Assigned task
Below are records to transcribe in full and unchanged; omit every picture.

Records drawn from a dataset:
########
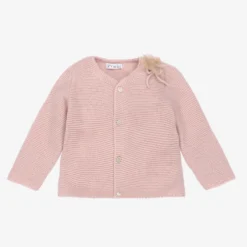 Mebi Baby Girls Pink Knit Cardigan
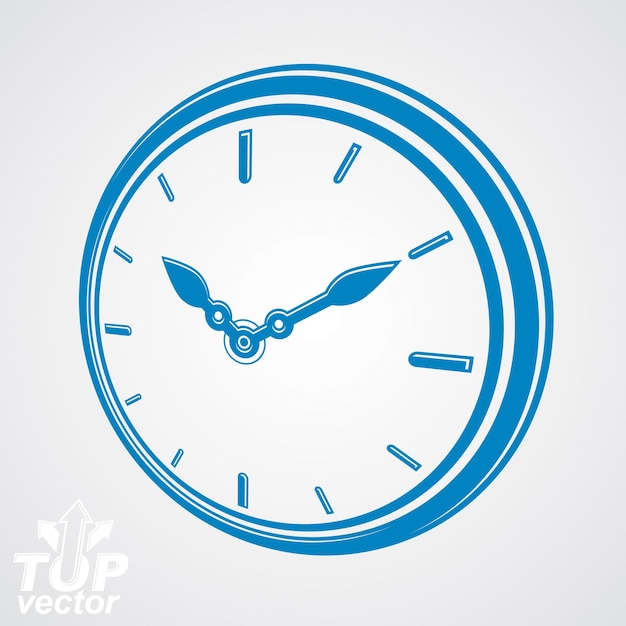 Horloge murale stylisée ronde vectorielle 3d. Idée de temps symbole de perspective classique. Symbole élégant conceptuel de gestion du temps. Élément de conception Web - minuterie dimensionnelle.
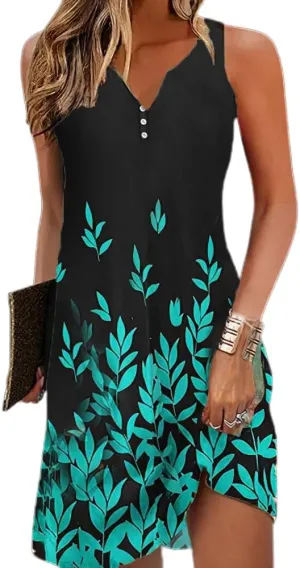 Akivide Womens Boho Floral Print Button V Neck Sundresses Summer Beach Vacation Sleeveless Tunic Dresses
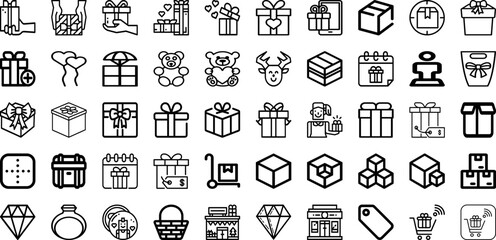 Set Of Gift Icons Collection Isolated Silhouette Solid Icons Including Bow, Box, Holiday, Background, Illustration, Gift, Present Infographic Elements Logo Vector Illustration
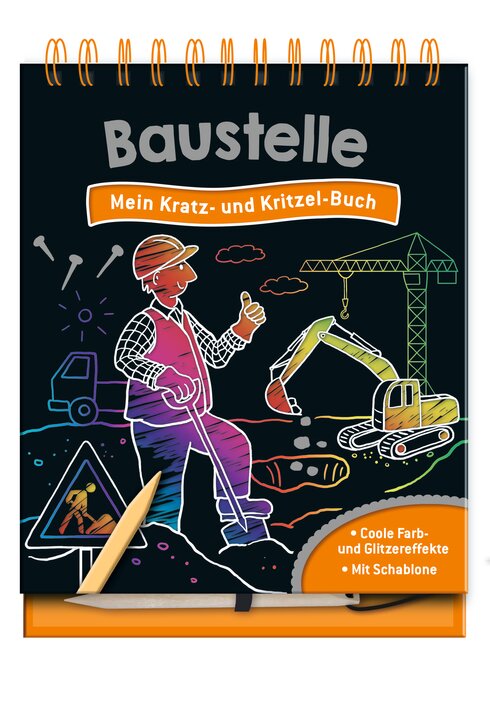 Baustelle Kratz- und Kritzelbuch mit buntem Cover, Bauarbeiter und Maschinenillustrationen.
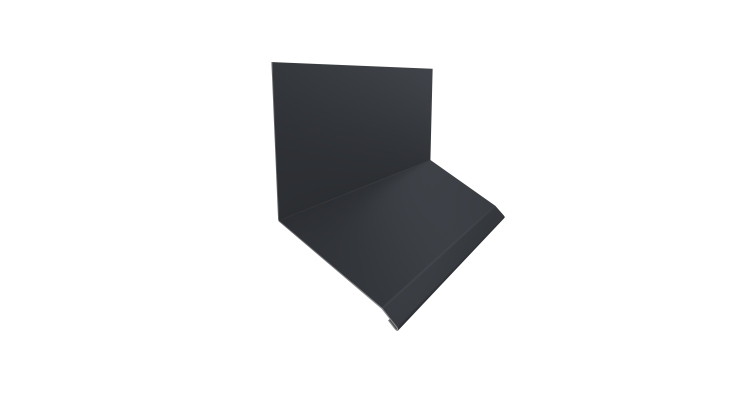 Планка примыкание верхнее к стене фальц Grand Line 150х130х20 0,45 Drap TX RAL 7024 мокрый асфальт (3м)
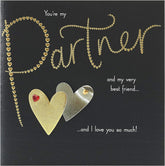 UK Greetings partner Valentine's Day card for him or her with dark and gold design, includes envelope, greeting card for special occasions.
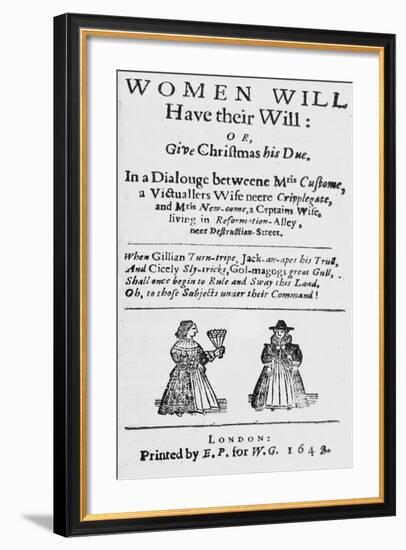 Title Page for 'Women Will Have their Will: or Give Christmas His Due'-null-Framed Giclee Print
########
Answer section
 Mebi Baby Girls Pink Knit Cardigan
 Horloge murale stylisée ronde vectorielle 3d. Idée de temps symbole de perspective classique. Symbole élégant conceptuel de gestion du temps. Élément de conception Web - minuterie dimensionnelle.
 Akivide Womens Boho Floral Print Button V Neck Sundresses Summer Beach Vacation Sleeveless Tunic Dresses
 Set Of Gift Icons Collection Isolated Silhouette Solid Icons Including Bow, Box, Holiday, Background, Illustration, Gift, Present Infographic Elements Logo Vector Illustration
 Baustelle Kratz- und Kritzelbuch mit buntem Cover, Bauarbeiter und Maschinenillustrationen.
 Планка примыкание верхнее к стене фальц Grand Line 150х130х20 0,45 Drap TX RAL 7024 мокрый асфальт (3м)
 UK Greetings partner Valentine's Day card for him or her with dark and gold design, includes envelope, greeting card for special occasions.
 Title Page for 'Women Will Have their Will: or Give Christmas His Due'-null-Framed Giclee Print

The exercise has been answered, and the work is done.